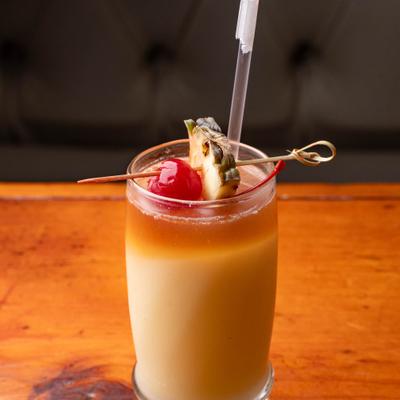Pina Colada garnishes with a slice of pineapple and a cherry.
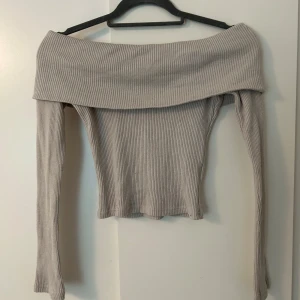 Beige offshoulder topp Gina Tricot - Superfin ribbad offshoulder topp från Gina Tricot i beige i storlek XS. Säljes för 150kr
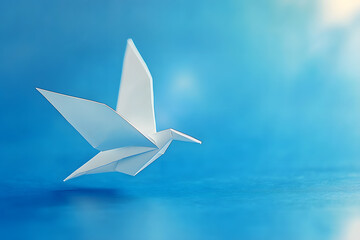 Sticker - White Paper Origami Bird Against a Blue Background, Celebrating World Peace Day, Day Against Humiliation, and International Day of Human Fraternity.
+ + + + +
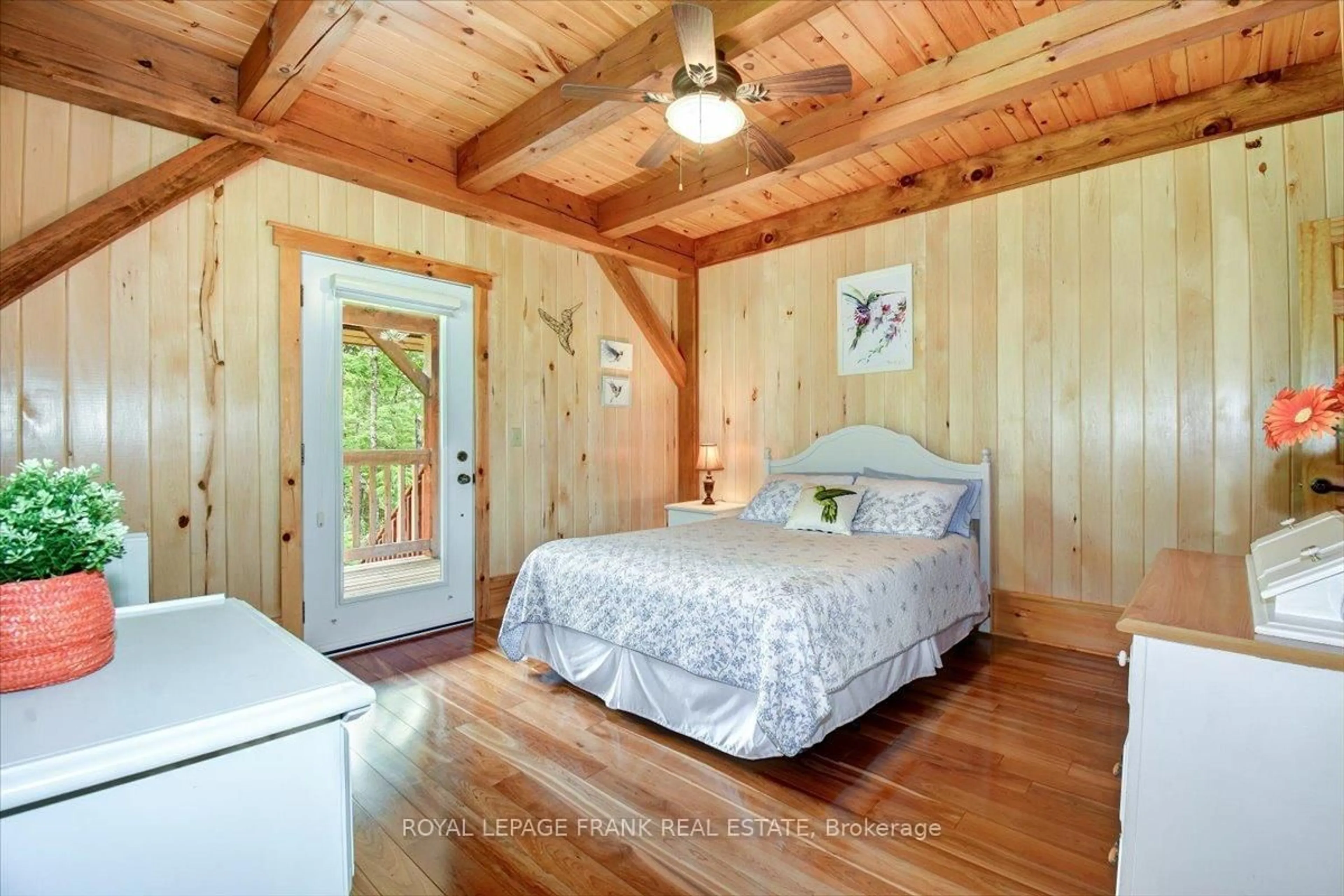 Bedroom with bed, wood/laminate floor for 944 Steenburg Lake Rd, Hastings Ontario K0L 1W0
+ + + + +
PROBLEM DESCRIPTION
Please return the data above exactly as it stands from the line with "Pina Colada garnishes" to the line with "Sticker - White", keeping both of those lines but none of the pictures.

ANSWER AREA
Pina Colada garnishes with a slice of pineapple and a cherry.
 Beige offshoulder topp Gina Tricot - Superfin ribbad offshoulder topp från Gina Tricot i beige i storlek XS. Säljes för 150kr
 Sticker - White Paper Origami Bird Against a Blue Background, Celebrating World Peace Day, Day Against Humiliation, and International Day of Human Fraternity.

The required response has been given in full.